■ Exercise brief
Within the material below, transcribe exactly the lines from the one holding "antica tomba scavata" through the one holding "cfg-industrial-mini-excavator---mx15rx---red-image-3", keeping both ends and skipping the rest.

[[ Provided records, beginning ]]

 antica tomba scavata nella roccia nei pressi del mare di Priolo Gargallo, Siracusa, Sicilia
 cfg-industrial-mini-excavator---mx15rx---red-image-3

[[ Provided records, end ]]
[[ Provided records, beginning ]]

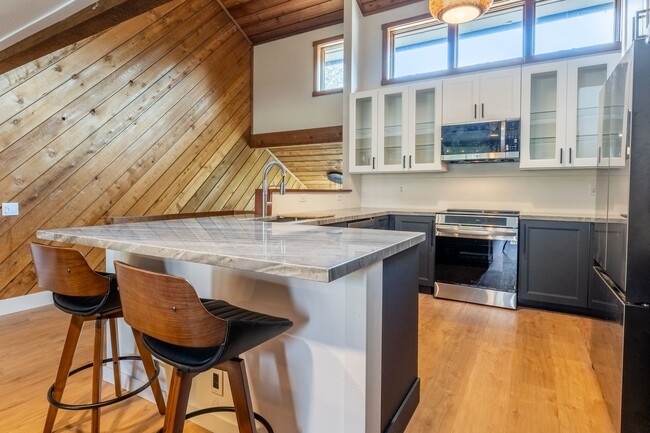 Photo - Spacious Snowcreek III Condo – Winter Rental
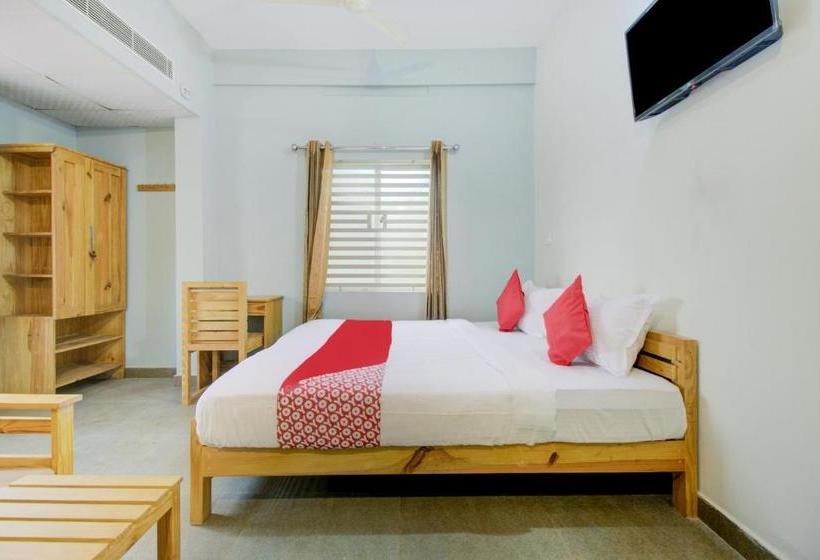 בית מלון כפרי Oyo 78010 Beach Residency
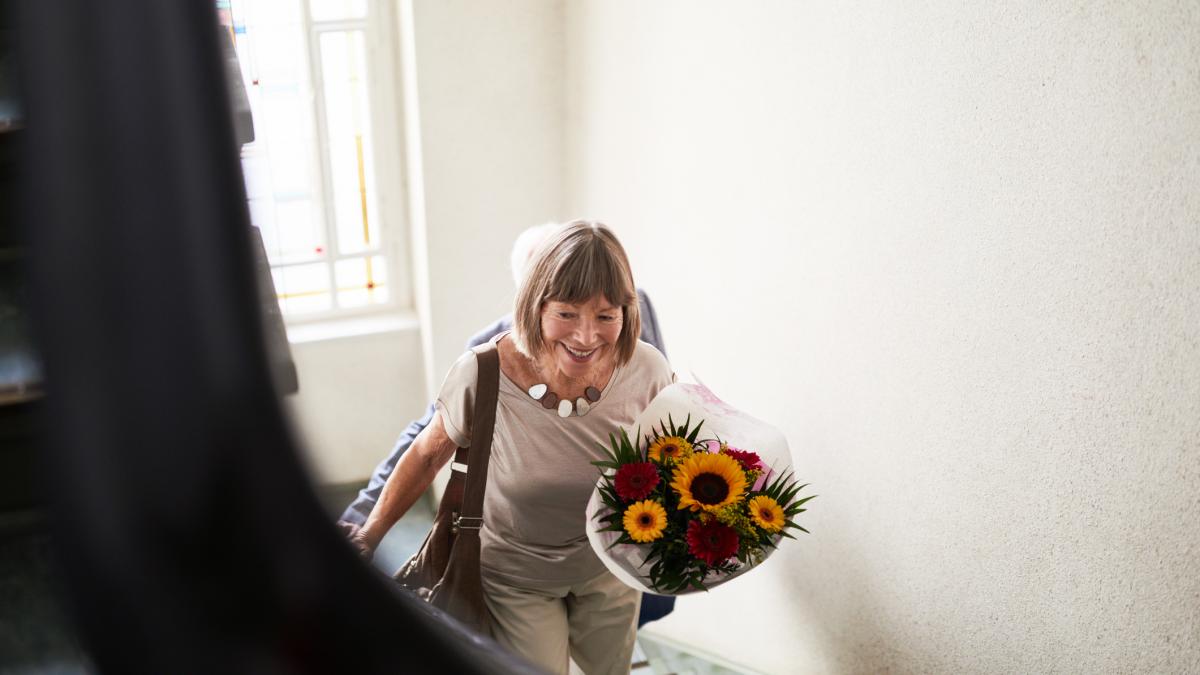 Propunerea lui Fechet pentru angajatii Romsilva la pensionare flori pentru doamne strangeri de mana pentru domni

[[ Provided records, end ]]
[[ Provided records, beginning ]]

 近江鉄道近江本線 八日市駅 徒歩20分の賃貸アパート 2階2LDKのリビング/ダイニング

[[ Provided records, end ]]

■ Your solution
 antica tomba scavata nella roccia nei pressi del mare di Priolo Gargallo, Siracusa, Sicilia
 cfg-industrial-mini-excavator---mx15rx---red-image-3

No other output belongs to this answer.